▸ **Work item**
Repeat word for word the lines from the top of the records through the line containing "The Transcribe sleep", and skip the pictures.

[Image-text web data]
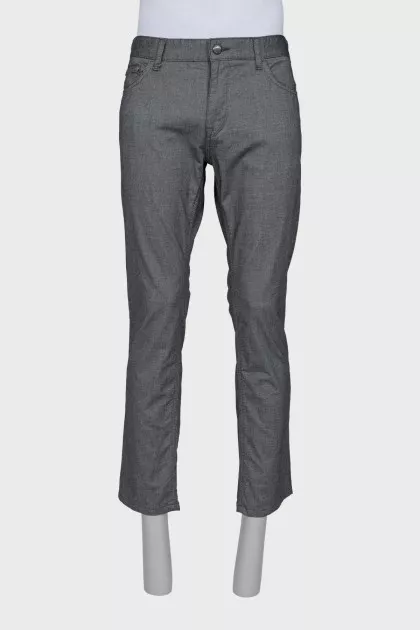 Men's gray straight-leg trousers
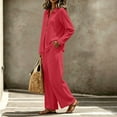 thumbnail image 6 of Women's Casual 2 Piece Tracksuit Outfits Lapel Long Sleeve Tunic Shirts and Loose Wide Leg Flowy Pants Soft Daily Loungewear Sets Red, 6 of 8
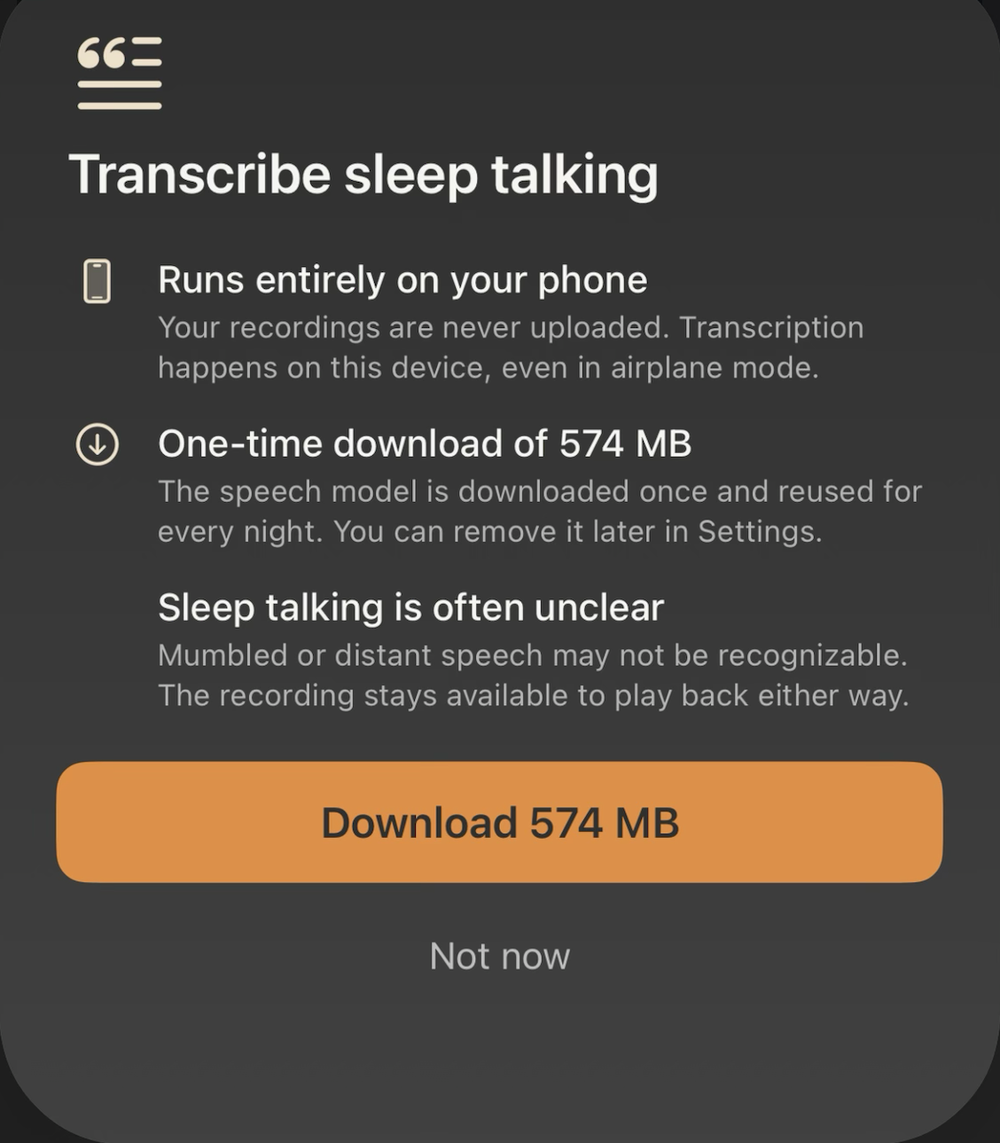 The Transcribe sleep talking sheet in Snore Timeline: runs entirely on your phone, one-time download of 574 MB, and a note that sleep talking is often unclear, with a Download 574 MB button and Not now.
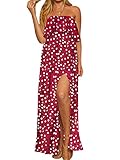 vestido camisero largo lunares zara El paquete incluye: 1 vestido Style Dome Mujer Vestido Elegante Lunares Playa Vestidos Casual Verano con Hombros Descubiertos Cóctel Falda Vestidos de Fiesta Mujer Largos Rojo-G91006 XL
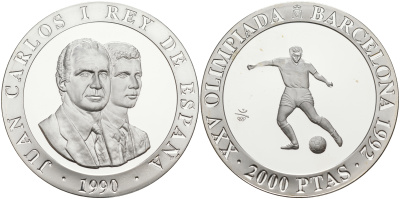 Испания 2000 песет 1990 XXV летние Олимпийские игры 1992 года в Барселоне, футбол KM 862 серебро PROOF 1091-9-23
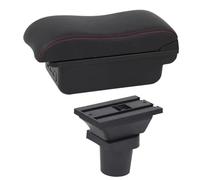 RORVECQ Para Toyota Para Yaris 3 Hybrid Para Yaris Para Vitz Caja De Apoyabrazos De Coche Modificación Interna Carga USB Accesorios De Coche(C2 Línea roja)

▸ **Completed exercise**
 Men's gray straight-leg trousers
 thumbnail image 6 of Women's Casual 2 Piece Tracksuit Outfits Lapel Long Sleeve Tunic Shirts and Loose Wide Leg Flowy Pants Soft Daily Loungewear Sets Red, 6 of 8
 The Transcribe sleep talking sheet in Snore Timeline: runs entirely on your phone, one-time download of 574 MB, and a note that sleep talking is often unclear, with a Download 574 MB button and Not now.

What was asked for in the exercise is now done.